All great diarists have something intensely silly about them: Boswell’s and Pepys’s periodic bursts of lechery and panic; Chips Channon’s unrealistic dreams of political greatness leavened with breathless excitement over royal dukes and handsome boys; Alan Clark’s fits of romantic, almost Jacobite, dreaming; James Lees-Milne’s absurd flights of rage. I dare say the mania that drove the Duc de Saint-Simon in his demented campaign against Louis XIV’s attempts to create a place in court hierarchy for his bastards seemed ridiculous to his more sober contemporaries. Often the silliness comes from a mad overestimation of the writer’s ability. There is no more fascinating diary than Benjamin Haydon’s. He was an indifferent painter who never achieved the success he dreamt of. But in every sentence of his diary it is apparent to us what he himself never realised: that, though a painter of mediocrity, he was a writer of genius.
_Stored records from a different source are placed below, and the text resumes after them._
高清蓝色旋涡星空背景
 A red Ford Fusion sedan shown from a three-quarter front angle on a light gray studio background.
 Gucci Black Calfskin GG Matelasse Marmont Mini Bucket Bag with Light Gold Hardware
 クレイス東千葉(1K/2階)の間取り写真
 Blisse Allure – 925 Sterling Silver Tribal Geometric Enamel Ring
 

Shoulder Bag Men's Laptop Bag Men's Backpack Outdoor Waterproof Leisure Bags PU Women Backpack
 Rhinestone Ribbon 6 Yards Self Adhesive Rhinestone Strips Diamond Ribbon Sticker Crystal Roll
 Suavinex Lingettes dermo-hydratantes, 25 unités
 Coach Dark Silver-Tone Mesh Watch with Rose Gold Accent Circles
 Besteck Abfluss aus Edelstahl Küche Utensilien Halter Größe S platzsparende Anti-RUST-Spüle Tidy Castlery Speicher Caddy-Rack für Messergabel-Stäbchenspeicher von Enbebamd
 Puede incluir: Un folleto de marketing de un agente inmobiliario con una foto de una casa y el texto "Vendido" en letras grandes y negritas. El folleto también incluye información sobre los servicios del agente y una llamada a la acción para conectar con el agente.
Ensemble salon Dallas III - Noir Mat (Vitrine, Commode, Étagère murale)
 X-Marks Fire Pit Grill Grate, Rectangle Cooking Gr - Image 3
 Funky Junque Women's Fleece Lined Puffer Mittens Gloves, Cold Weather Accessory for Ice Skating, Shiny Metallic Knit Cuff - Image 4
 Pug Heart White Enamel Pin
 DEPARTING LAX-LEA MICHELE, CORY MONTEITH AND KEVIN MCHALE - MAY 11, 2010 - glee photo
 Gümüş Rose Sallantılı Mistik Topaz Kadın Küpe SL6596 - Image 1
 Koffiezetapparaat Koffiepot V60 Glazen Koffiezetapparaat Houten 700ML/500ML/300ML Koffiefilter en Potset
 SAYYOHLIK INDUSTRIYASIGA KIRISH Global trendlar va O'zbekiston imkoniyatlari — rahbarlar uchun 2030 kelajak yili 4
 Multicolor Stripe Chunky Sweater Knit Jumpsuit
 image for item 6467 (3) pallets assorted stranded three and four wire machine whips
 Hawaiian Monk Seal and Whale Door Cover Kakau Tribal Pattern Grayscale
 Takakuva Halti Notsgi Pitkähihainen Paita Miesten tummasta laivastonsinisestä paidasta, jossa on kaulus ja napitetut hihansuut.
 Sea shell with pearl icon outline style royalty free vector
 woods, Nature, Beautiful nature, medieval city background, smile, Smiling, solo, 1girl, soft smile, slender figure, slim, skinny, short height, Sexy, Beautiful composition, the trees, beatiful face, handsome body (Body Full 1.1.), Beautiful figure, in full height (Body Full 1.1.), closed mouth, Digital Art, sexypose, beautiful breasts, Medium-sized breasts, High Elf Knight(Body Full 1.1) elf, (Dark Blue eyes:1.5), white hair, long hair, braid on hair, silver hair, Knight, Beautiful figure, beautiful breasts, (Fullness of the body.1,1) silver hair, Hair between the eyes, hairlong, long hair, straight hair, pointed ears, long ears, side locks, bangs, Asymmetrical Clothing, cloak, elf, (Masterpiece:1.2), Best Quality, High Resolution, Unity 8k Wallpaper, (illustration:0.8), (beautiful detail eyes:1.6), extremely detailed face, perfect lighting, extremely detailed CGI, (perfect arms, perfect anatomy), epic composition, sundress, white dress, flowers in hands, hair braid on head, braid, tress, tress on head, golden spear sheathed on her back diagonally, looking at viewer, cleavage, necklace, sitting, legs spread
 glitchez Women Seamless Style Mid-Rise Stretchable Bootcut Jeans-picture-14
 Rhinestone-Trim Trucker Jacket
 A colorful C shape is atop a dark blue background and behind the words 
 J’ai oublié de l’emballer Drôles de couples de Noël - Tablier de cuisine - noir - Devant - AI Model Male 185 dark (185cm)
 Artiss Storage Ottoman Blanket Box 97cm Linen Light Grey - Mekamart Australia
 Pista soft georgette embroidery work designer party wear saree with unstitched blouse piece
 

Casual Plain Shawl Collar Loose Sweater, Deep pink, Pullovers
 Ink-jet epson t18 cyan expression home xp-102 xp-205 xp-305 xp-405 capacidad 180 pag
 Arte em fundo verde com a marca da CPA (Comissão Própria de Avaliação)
A.C. Benson, born in 1862, had the sense to make arrangements for his diary to be published after his death. The rest of his writing, with the possible exception of ‘Land of Hope and Glory’, pales to insignificance next to it. His published work is astonishingly bland. There is a screamingly funny parody of him by Max Beerbohm in A Christmas Garland: ‘More and more, as the tranquil years went by, Percy found himself able to draw a quiet satisfaction from the regularity, the even sureness, with which, in every year, one season succeeded to another.’ (Having read Benson’s staggeringly tedious Watersprings, I can report that Beerbohm does not exaggerate.) The diary, on the other hand, stretching to more than four million words, is vivacious, beadily observed and takes advantage of Benson’s position as a favourite of the great. In this beautifully edited two-volume selection by Eamon Duffy and Ronald Hyam we see what a well-placed diarist can do.
Benson was an irregularity at the heart of Victorian society, guaranteed respectability by being the son of an Archbishop of Canterbury.